Artist

Tegan And Sara

Genre: Alt / Indie ,Alternative Singer/Songwriter ,Adult Alternative Pop / Rock ,Indie Rock ,Left-Field Pop ,New Wave/Post-Punk Revival
Origin: U.S.A
Active: 1998 - Present
Listen on Coda
From their adolescent years onward, Tegan and Sara crafted songs that blended intimate vocal blends with perceptive words and memorable tunes. Early efforts drew from folk traditions yet carried punk energy, allowing the identical twins to progress from modest recordings to releases on Neil Young's Vapor Records.
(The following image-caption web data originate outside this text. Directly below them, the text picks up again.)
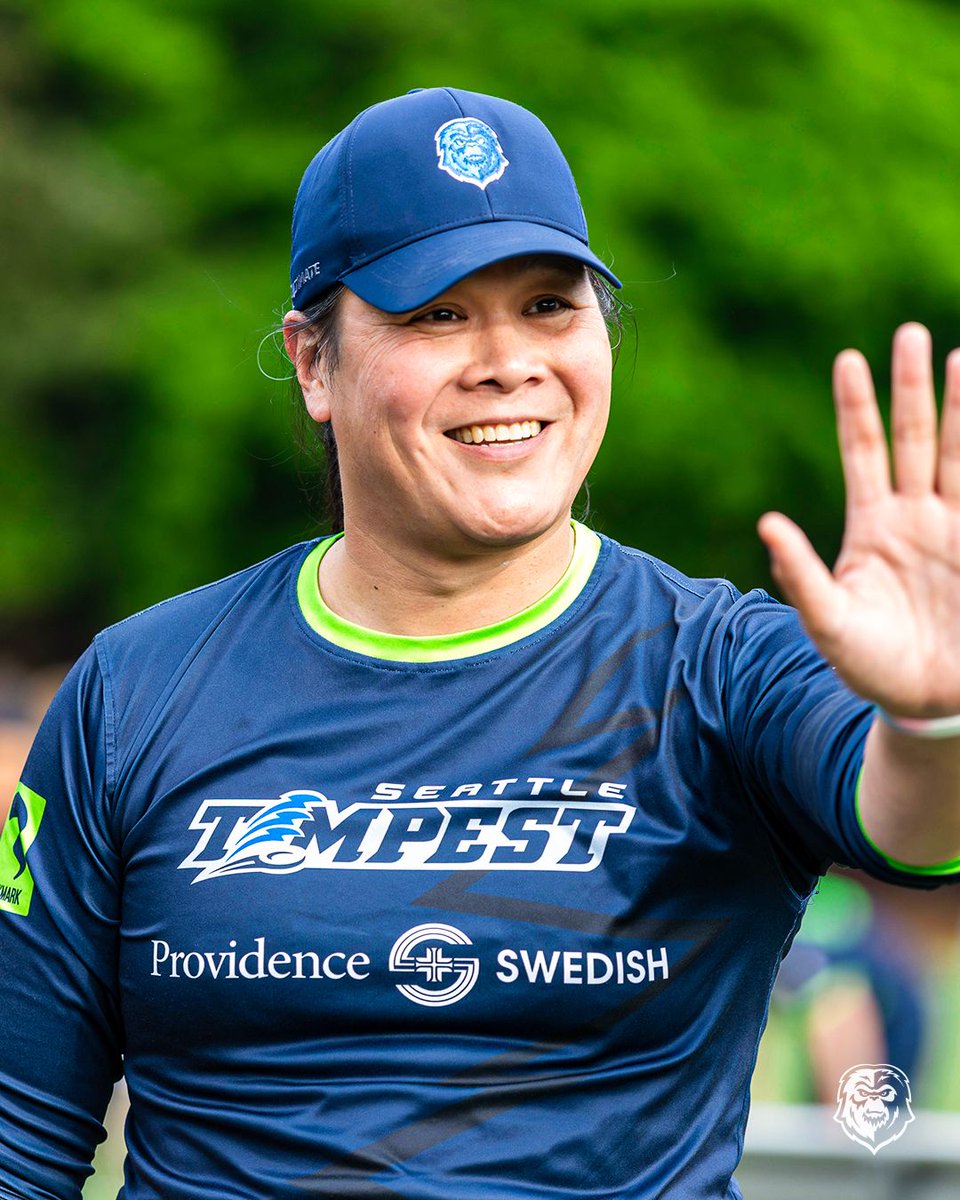 Seattle_Tempest's tweet photo. Always good vibes 🙂

#Tempest2026 #WUL #Proultimatefrisbee https://t.co/v4tF6XuIN1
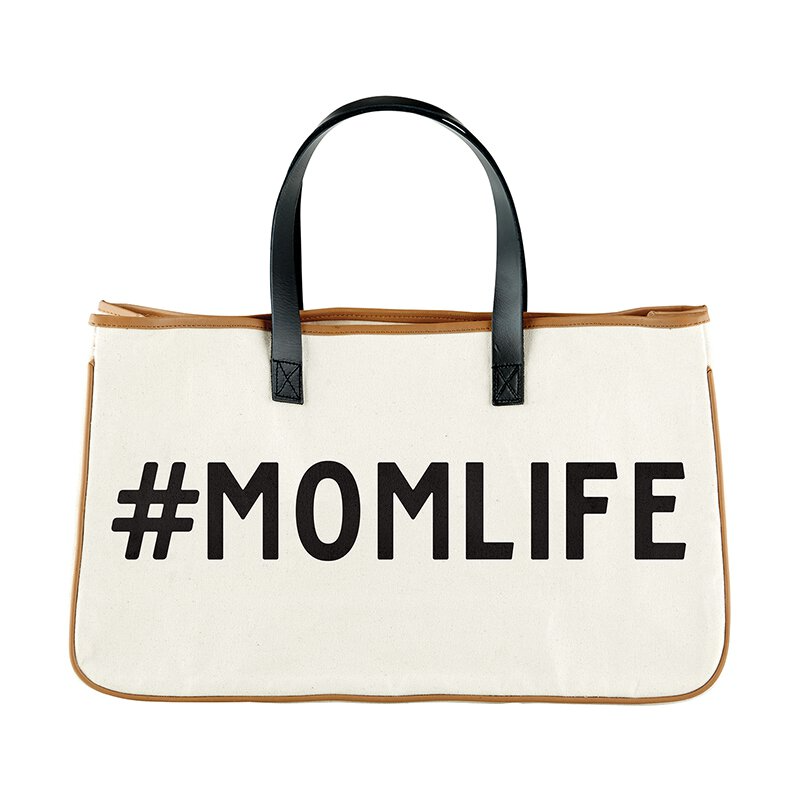 MOM LIFE CANVAS TOTE - Kingfisher Road - Online Boutique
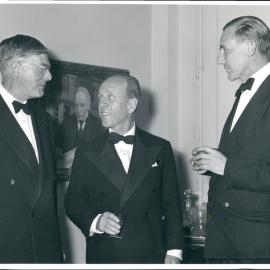 Bank's Functions etc - Overseas Travel - Lord Bridges, Coombs, Sir Sydney Caine, London School of Economics, Honorary Fellows Dinner - 25 May 1962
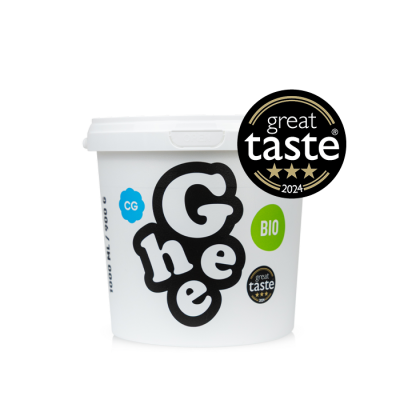 Ghee | přepuštěné máslo | 1000ml BIO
Beginning with their 2000 album This Business of Art, each subsequent project incorporated fresh elements of new wave and indie rock. Their 2004 release So Jealous introduced pronounced '80s pop textures and contained the signature track "Walking with a Ghost." Following additional albums that sustained this direction, the pair's growing prominence as advocates for women's and LGBTQ issues prompted a decisive pivot toward contemporary pop. Both Heartthrob in 2013 and Love You to Death in 2016 adopted genre conventions while retaining the duo's characteristic candid songwriting. That same candor inspired a memoir recounting their turbulent teenage period; titled High School, it appeared the same week as Hey, I'm Just Like You, an album of newly recorded versions of early demos. Further retrospection arrived with 2022's Still Jealous, an acoustic reinterpretation of their 2004 breakthrough So Jealous, alongside development of a television series drawn from the memoir. Simultaneously they maintained a presence in mainstream pop via the forward-oriented Crybaby.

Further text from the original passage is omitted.